Title :
Deep hierarchical bottleneck MRASTA features for LVCSR
Author :
Tuske, Zoltan ; Schluter, Ralf ; Ney, Hermann
Author_Institution :
Comput. Sci. Dept., RWTH Aachen Univ., Aachen, Germany
Abstract :
Hierarchical Multi Layer Perceptron (MLP) based long-term feature extraction is optimized for TANDEM connectionist large vocabulary continuous speech recognition (LVCSR) system within the QUAERO project. Training the bottleneck MLP on multi-resolutional RASTA filtered critical band energies, more than 20% relative word error rate (WER) reduction over standard MFCC system is observed after optimizing the number of target labels. Furthermore, introducing a deeper structure in the hierarchical bottleneck processing the relative gain increases to 25%. The final system based on deep bottleneck TANDEM features clearly outperforms the hybrid approach, even if the long-term features are also presented to the deep MLP acoustic model.

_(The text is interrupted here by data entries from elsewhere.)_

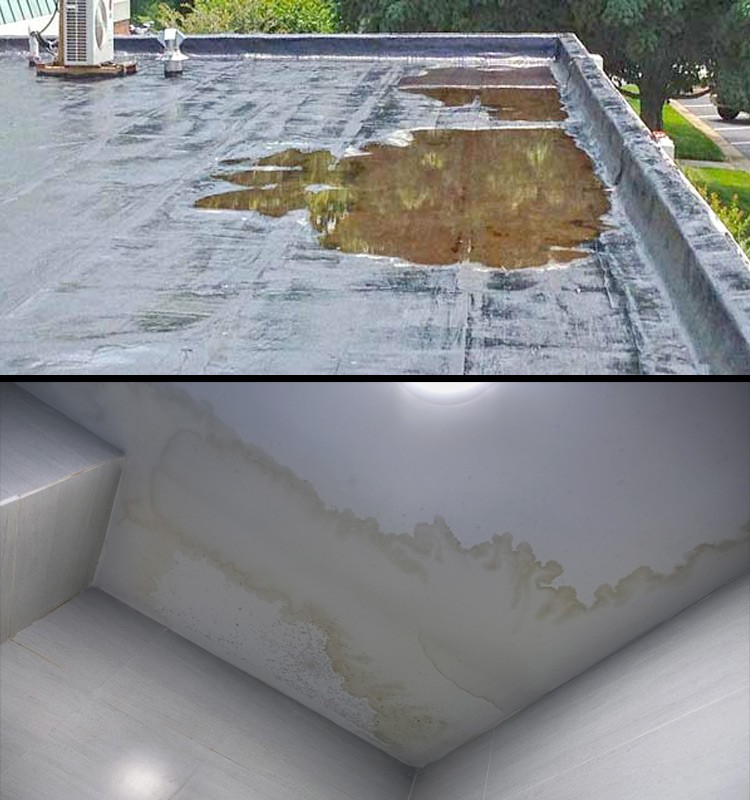 Filtraciones en cubierta de edificio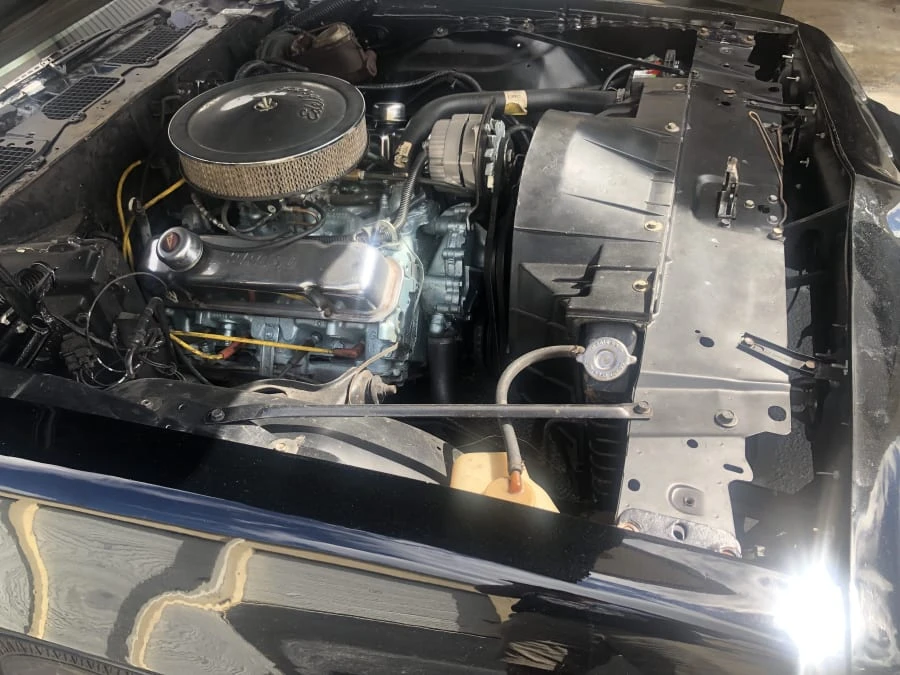 1979 Pontiac Firebird 2nd Gen - Image 24 of 26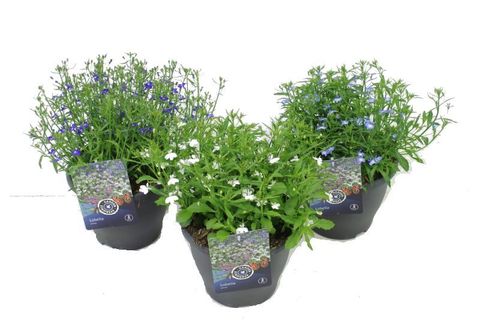 Lobelia erinus MIX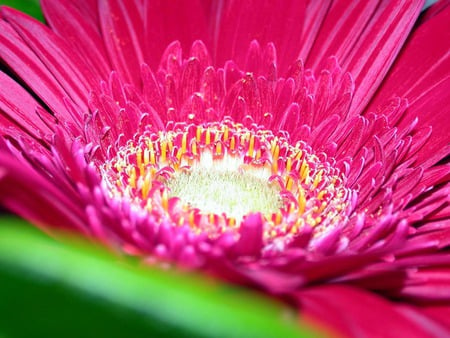 Bold and beautiful - garden, up close, scarlet flower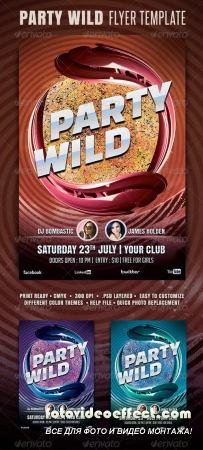 Party Wild Flyer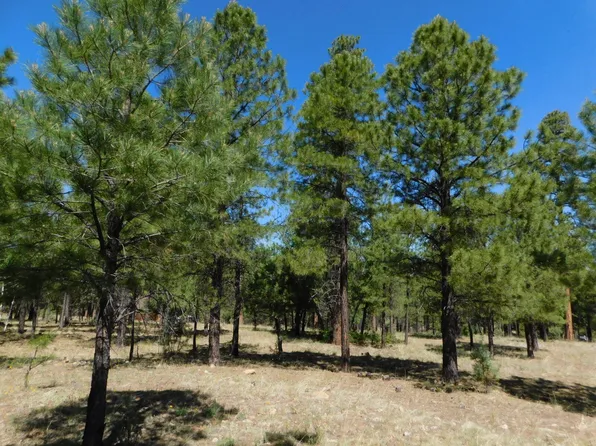 2161 Pine Canyon Dr, Happy Jack, AZ 86024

The results are also verified on evaluation data of the year 2012, and about 20% relative WER improvement over classical cepstral system is measured even after speaker adaptive training.
Keywords :
acoustic signal processing; error statistics; feature extraction; filtering theory; multilayer perceptrons; signal resolution; speech recognition; vocabulary; LVCSR system; MLP based long-term feature extraction; QUAERO project; TANDEM connectionist; WER reduction; critical band energies; deep MLP acoustic model; deep bottleneck TANDEM; deep hierarchical bottleneck MRASTA features; filtering; hierarchical bottleneck processing; hierarchical multilayer perceptron; large vocabulary continuous speech recognition; multiresolutional RASTA; relative word error rate reduction; speaker adaptive training; standard MFCC system; Adaptation models; Feature extraction; Hidden Markov models; Mel frequency cepstral coefficient; Speech; Training; LVCSR; MLP; MRASTA; TANDEM; bottleneck; deep neural network; hierarchical; hybrid;
Conference_Titel :
Acoustics, Speech and Signal Processing (ICASSP), 2013 IEEE International Conference on
Conference_Location :
Vancouver, BC
DOI :
10.1109/ICASSP.2013.6639013